My daughter also shared her less-than-stellar opinions of my mothering. To provide a factual accounting of my deficiencies, she showed me her test results from school, which she claimed showed that when I helped her with her schoolwork, she did poorly; and that when her father helped her study, her grades improved.
It was no surprise that the children's father also fueled my insecurities. He was quick to inform me that the children did not have emotional breakdowns at his house. He went on to suggest that if I was a better mother, there would not be such turmoil in my house. The results were in and they were unanimous: I had failed at being a wife and a mother.
I didn't see it coming: I never imagined that the day would come when I would need to defend my coveted role as a "good mom." I felt that my ex-husband had masterfully targeted me with a litany of parental failures intended to disrupt and destroy my relationships with my children. Was my ability to be an involved, supportive, and loving mother going to be a casualty of my divorce?
I thought that I always had good instincts about what my children and I needed to get back to that place of confidence. So, I spoke to them honestly and without blaming their father. I maintained an open heart and an open door to my home. I exercised unimaginable patience and let them grow to a point of maturity where they could see me as the well-intentioned, loving mother that I am.

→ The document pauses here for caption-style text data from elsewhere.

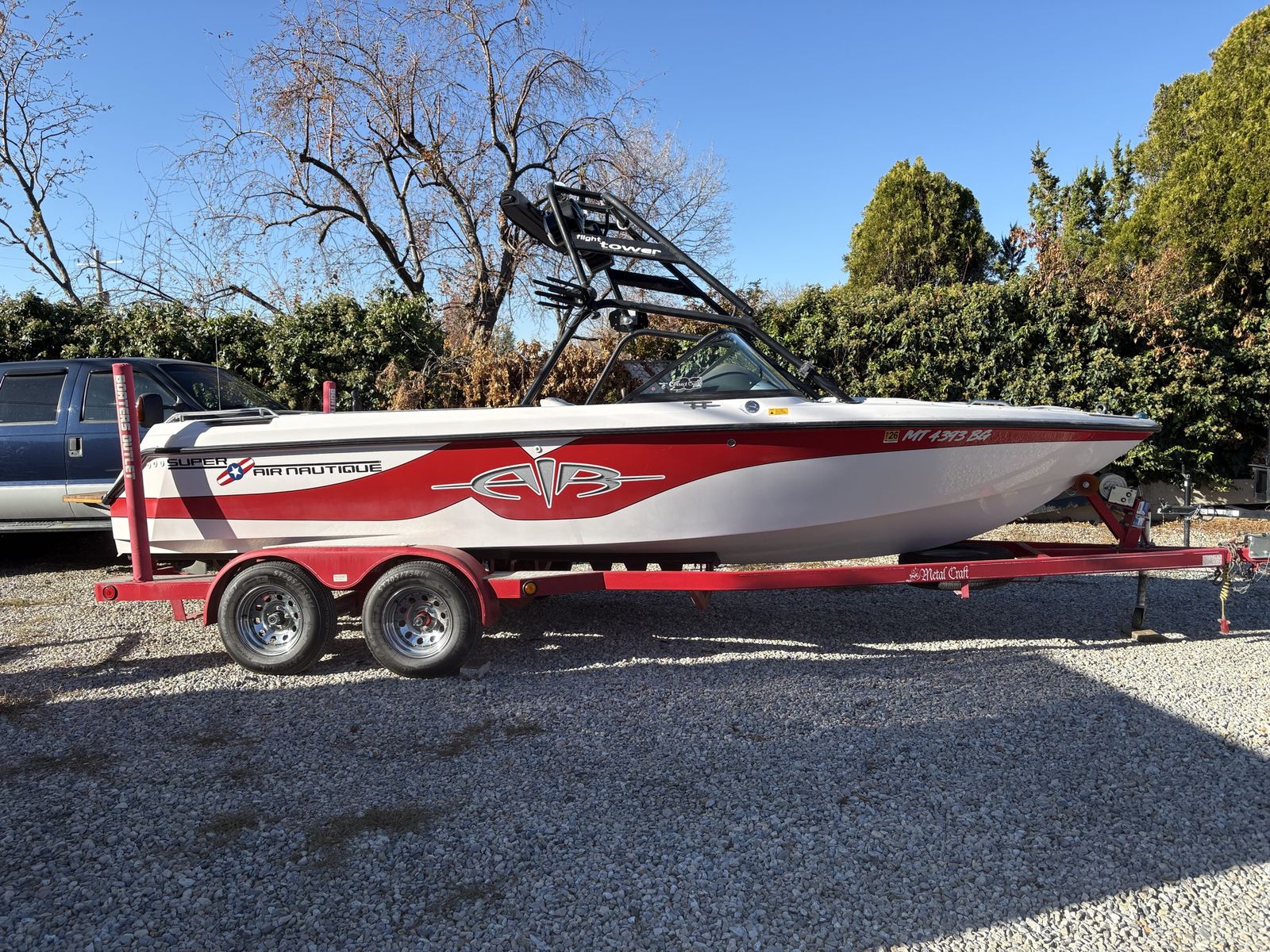 2001 - Correct Craft Super Air Nautique 210.  Ski/Wakeboard/Surf Boat with Metal Craft Trailer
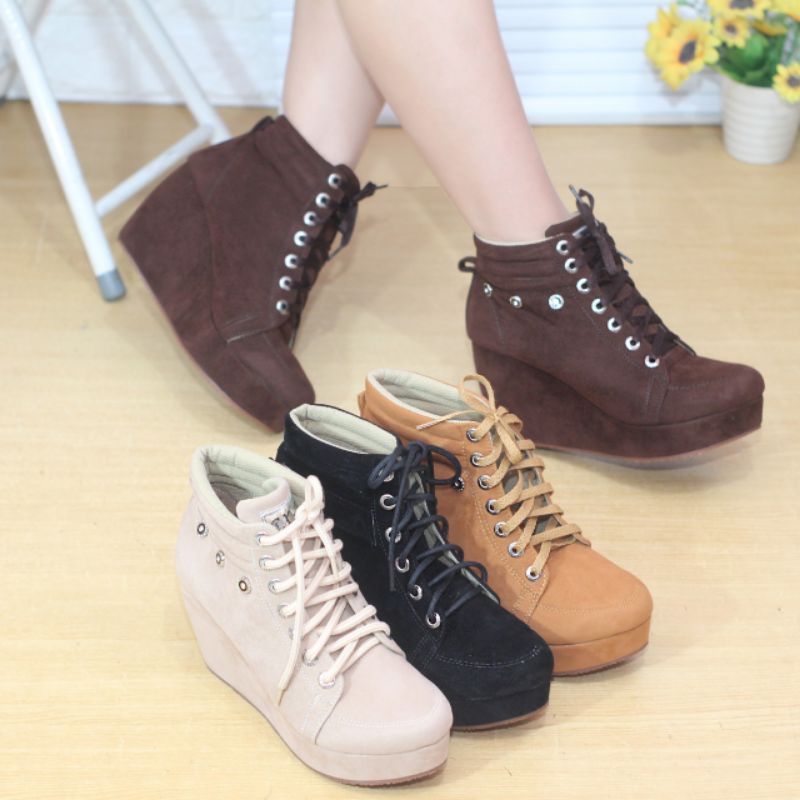 Boots wedges wanita Bay 01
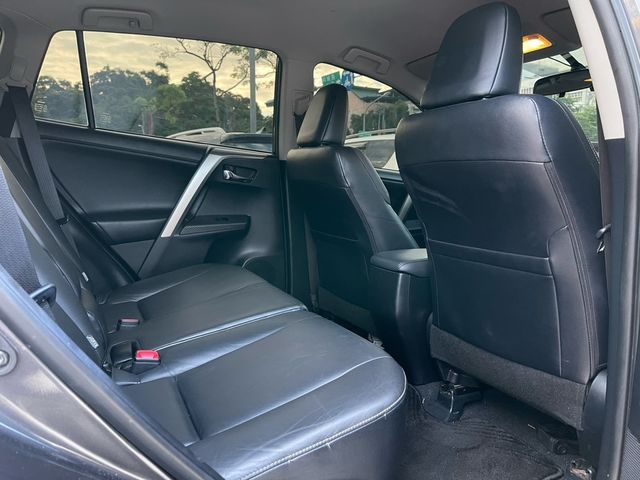 TOYOTA豐田 RAV4  第6張相片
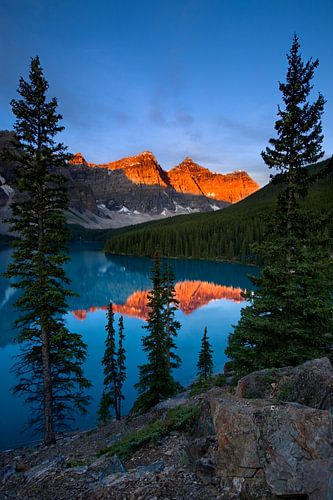 Zonsopkomst Moraine Lake, Canada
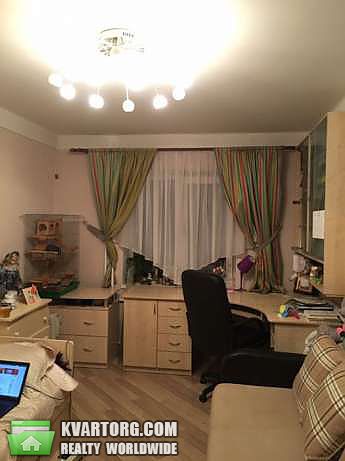 Rent out 2-room apartment. Киев,  Зодчих — photo 3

My relationship with my daughter continues to heal. After 10 years, she is able to see the parental manipulation that caused her such pain and anger. She values me as a mother and as a professional woman and actually says that she is proud to have me as her mom! I waited a long time to feel her approval and love. I will wait longer for such accolades from my son, but he has my open heart and my promise to work tirelessly to restore a loving relationship between us.
Splitting time between parents can be draining and traumatic — for you and your children — not to mention the strain of living each day with a meager settlement. The emotional healing will take time, but your financial destiny is in your hands.
My divorce gave me a unique perspective on both my professional and personal life. Being prepared financially will help weather any storm. When reconstructing your finances, it is critical to choose the right assets (i.e., income-producing assets to support your standard of living or assets that help secure your future) during the time when you are spending all you earn on divorce proceedings. Many women want the security of the family residence — even when it will severely compromise their ability to succeed.
So, while it’s very difficult when the rest of your life appears to be falling apart, you need to focus on your finances. You will find that there is an incredible peace of mind in having an ally and a plan. I’ve experienced this firsthand and have made it my mission to provide that comfort for others. I talk to my clients about current and future wealth, and I can steady the course in that domain while they work to find their current and future happiness.